If you were to switch shoes with a cybercriminal and think about how you could compromise your organization once you established a beachhead, are service accounts one of the first things that come to mind? Maybe not, but it’s a great argument to have.
Cybercriminals know that companies often struggle with service account management and excessive provisioning of privilege or rights. They know that service accounts often get configured and added to the “Domain Admins” group because there is no defined role-based access control (RBAC) or rights delegation model available from the source of the request. I think we can all agree we have been down this path at some point where we have seen, or even asked, for a service account to be put in the Domain Admins group due to a lack of documentation defining all the delegated rights it needed to function.

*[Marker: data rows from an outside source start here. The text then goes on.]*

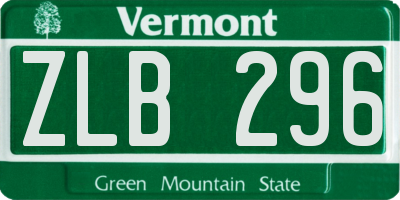 VT license plate ZLB296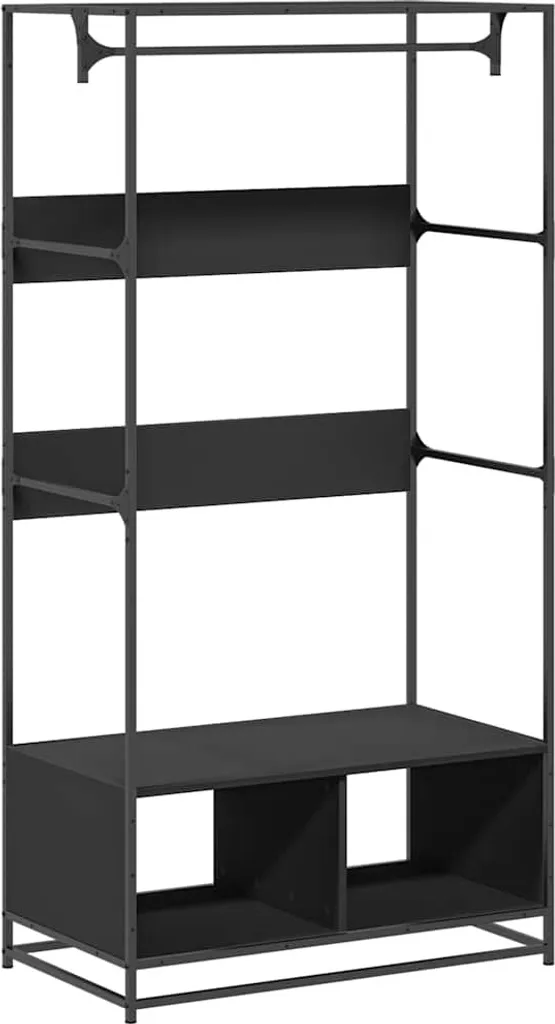 Appendiabiti Nero 90x50x180 cm in Legno - Ideale per Famiglia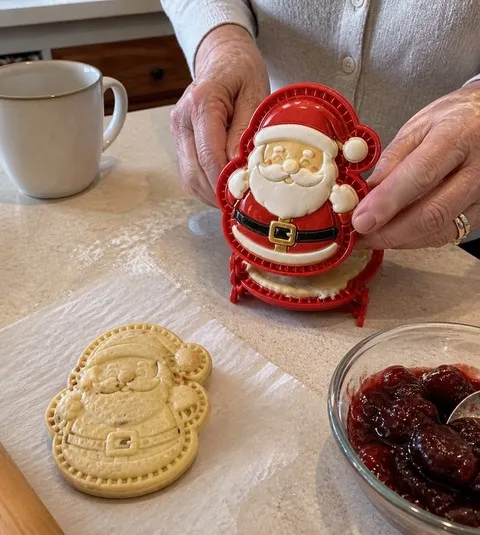 Hands pressing a Santa-shaped mini pie at a home kitchen counter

What does this mean for cyber threat actors? If a service account is compromised, criminals can leverage the accounts to install malware, ransomware, and spyware. They can then move laterally throughout the environment, probing systems, installing more software, deleting accounts, data, you name it—without any restrictions. If you think about this on a grand scale, couple it with the notion of “it’s not a matter of “IF” we get breached, but “When!” You start to realize how big of a hidden risk service accounts pose.
Make sure you spend the time, energy and effort to focus on service accounts and how they might negatively impact your organization or company if exploited. Discovering and managing service accounts, along with limiting their rights and privileges, is an increasingly important security practice that should not be overlooked.